Rsync friendly zlib/gzip compression - revisited
kevin at trumpetinc.com
Mon Feb 14 19:21:21 GMT 2005
Hey - when the stars align, they align :-)
Anyway, I've continued my testing (with a broader selection of files, and doing a full zlib and rsync analysis), and I have some interesting results.
As would be expected, there is definitely a dependency of rsync performance (i.e. "bytes changed") and what I've called the block mask size - that makes sense because the size of the mask determines the average size of the compressed output blocks, which makes the chunks that rsync has to work with bigger/less efficient.
Interestingly, there also appears to be an orthogonal dependency on the window size - increasing window size while keeping the mask size constant results in worse rsync performance. My previous results (and testing with additional files) show that there is NOT a dependency on compression performance with changing window size (as long as you are above the threshold where the checksum behaves itself). This suggests that there is definitely an opportunity to improve the rsync performance by minimizing the window size.
As Shacar writes, this may very well have been done already in the patch released to the Debian build - it sounds like that release uses a window size of 256 and a mask size of 8192 (although I haven't actually looked at the code). Interestingly, for the simple checksum algorithm, these are pretty much the values that my analysis so far indicates should be used. Any window size less than 250/300, and the behavior of the checksum becomes misbheaved. I would question the decision to use 8192 as the mask size - anything above 4000 is probably not going to make much of a difference in the compression ratio, but it will have a big impact on the rsync performance (it effectively doubles the 'changed bytes' over the results with a 4096 mask, but gets you less than 0.1% on the compression ratio - these are big files, so 0.1% is not necessarily something to sneeze at, but the tradeoff in rsync performance is pretty nasty...).

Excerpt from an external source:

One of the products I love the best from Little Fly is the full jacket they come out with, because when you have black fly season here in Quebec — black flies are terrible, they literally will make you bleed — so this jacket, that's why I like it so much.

Some other interesting characteristics of the dependency on window size:
1. The dependency is linear above a certain threshold.

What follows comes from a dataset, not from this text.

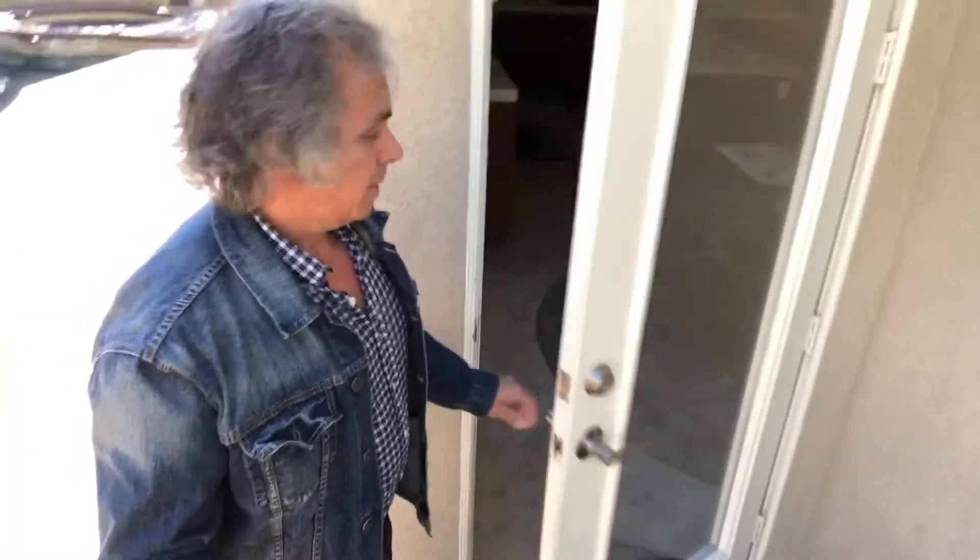I actually got a real appraisal — not a broker's opinion of value, but an actual appraisal. It came in at $1,185,000. Look at this kitchen — nice, huh?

2. Below that threshold, the rsync performance improves dramatically with reduced window size. This reduction is especially large with large mask sizes. This kind of makes sense if you think about it - large mask sizes will cause large compressed blocks. If there is a change in the original data, it will be more likely to effect two adjascent blocks if the window size is large. I think that Shachar's description of this in his response to my original message hits it on the head.
By way of demonstration, here are some numbers if I use a large block mask size (5474 is the one my test happened to use) to get good compression:
[Window Size] [Normalized Data Transfer Required]

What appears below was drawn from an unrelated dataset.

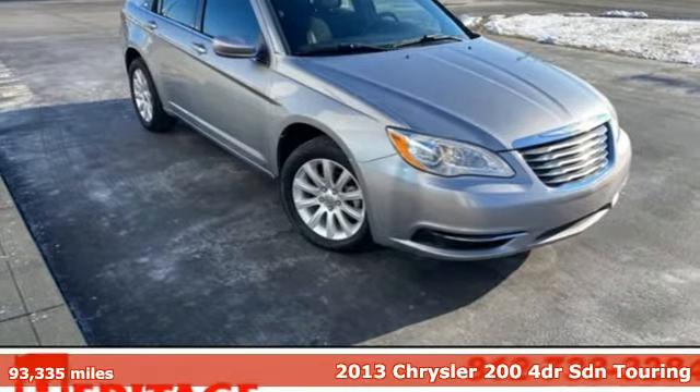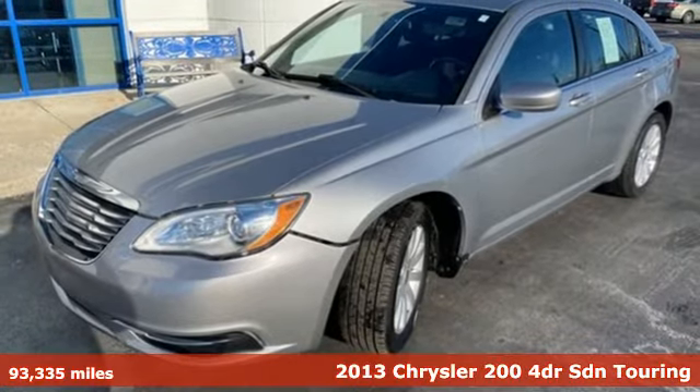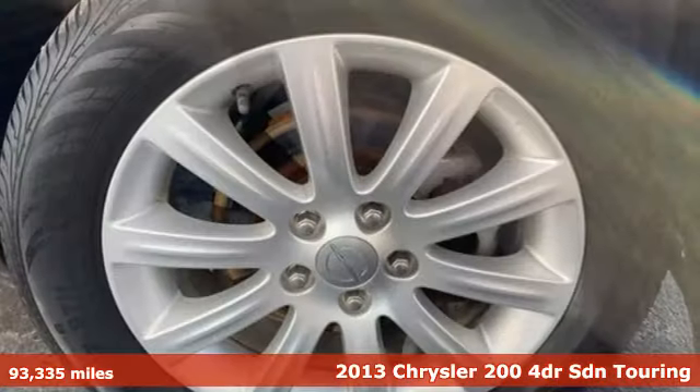Here's a 2013 Chrysler 200. Drive proud. Drive the All-American Chrysler 200. It's in a class of one.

A couple of things to note:
a) A window size of 1219 requires the transfer of 1.58 times the number of bytes if the window size was 165.
b) the window size increases logarithmically in the table (this is just how I ran the test)
If you plot these, you'll see that the required data transfer drops of quickly for small window sizes, but increases gradually for larger window sizes (this is very common for a boundary condition problem, and I suppose that the nearness of a given change to a given window can be viewed in this context, so the results kind of make sense).
So - if we can improve the rsync performance by 60% by dropping the window size from 1200 to 165, and the improvements appear to get better and better as we get smaller, then going with a checksum that allows for very small window sizes would seem like a very good thing to do. In fact, we may be able to achieve the rsync performance that we would have gotten with a considerably smaller block mask size, without sacrificing efficiency in the zlib algorithm.
It would seem (but I'll have to actually program this before I say for sure), that you may very well be able to have your cake and eat it to. My testing so far indicates that the rolling-checksum built in to the rsync algorithm should allow considerably smaller window sizes than the simple summation checksum.
For Shachar's encryption studies, this may also bring the window size down to the same order of magnitude as his encryption block size, which may address some of the challenges he is likely to run into...
Just in case onyone is interested, the way I am using the rsync checksum is in it's 16 bit form, except that I perform back calculation instead of forward calculation (i.e. I compute over the last WINDOWSIZE bytes instead of the next WINDOWSIZE bytes) - functionally, I don't think this makes any difference, it is just a difference of opinion about what the "Current byte" is. I compute r1 and r2, then add the two together and check against the mask value.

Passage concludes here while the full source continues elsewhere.